Whatever you call it: volunteering, serving, a two-for-one, ministering, or just plain old helping out…the spouse of a youth pastor is often expected to jump into the ministry world with both feet. Sometimes this works well for a couple, and their marriage thrives in this type of environment. But there are also plenty of spouses who feel forced into youth ministry roles that don’t mesh with their personalities, talents, and/or spiritual gifts.
So does the spouse of a youth pastor have to serve in the youth group?
Well no. And yes. No, you don’t have to be the volunteer equivalent of your youth pastor spouse, but you do need to fully support their ministry. You’re in this marriage thing together, and so you must be in agreement about major life goals and decisions. And as any youth pastor will tell you: Youth ministry is a way of life!

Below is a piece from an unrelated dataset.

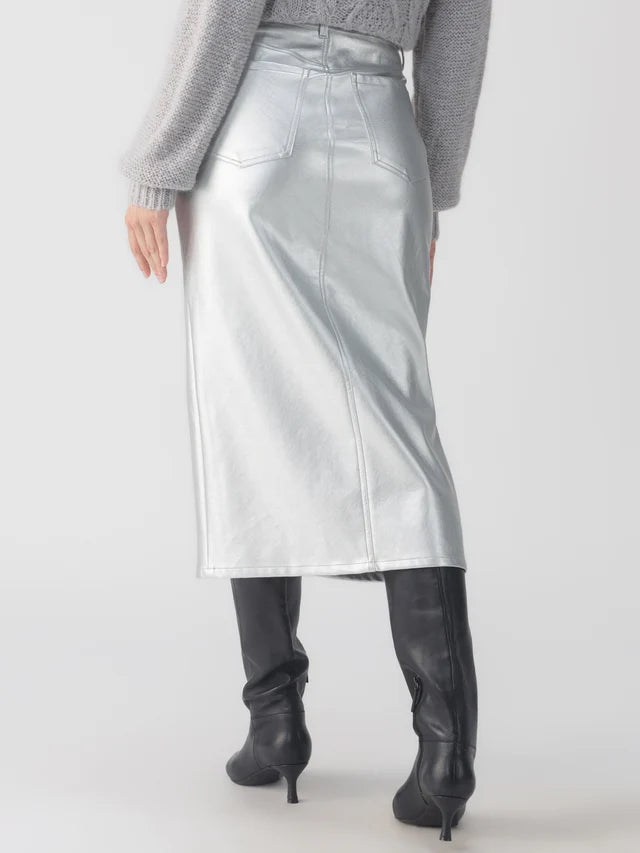 Leather Like Midi Skirt Silver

What does this mean practically? It means that each spouse has unique gifts, talents, and abilities and should use them accordingly. If the non-ministry spouse doesn’t feel they are supposed to work with youth, this should be communicated to church leadership. The spouse can then integrate into the church in a different area. The church’s governing bodies must support this, or it will lead to numerous issues both in the ministry and in your marriage. Take it from us; we learned this lesson the hard way.

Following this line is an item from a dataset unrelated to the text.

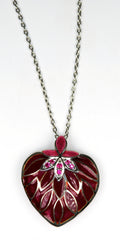 Sterling Silver Red Heart Necklace with Ruby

But the non-ministry spouse should be supportive of the youth group—even if he or she isn’t a regular volunteer. They need to be on board with the job and all of its ever-changing demands, quirky hours, and challenging students. These kids will be a part of your life as a married couple, no matter what, and just because you’re not a youth leader doesn’t mean that you can check out of church life. Figure out ways that you can interact with youth groupers and also be yourself. Maybe this means mentoring one girl or boy. Maybe it means bringing your own children with you to youth group once a month. Or simply having a teenager and his/her family over for dinner when the opportunity arises.
You have to be yourself, even if that’s not a youth worker. But you also have to love, support, and embrace the fact that youth ministry will definitely be a part of your life.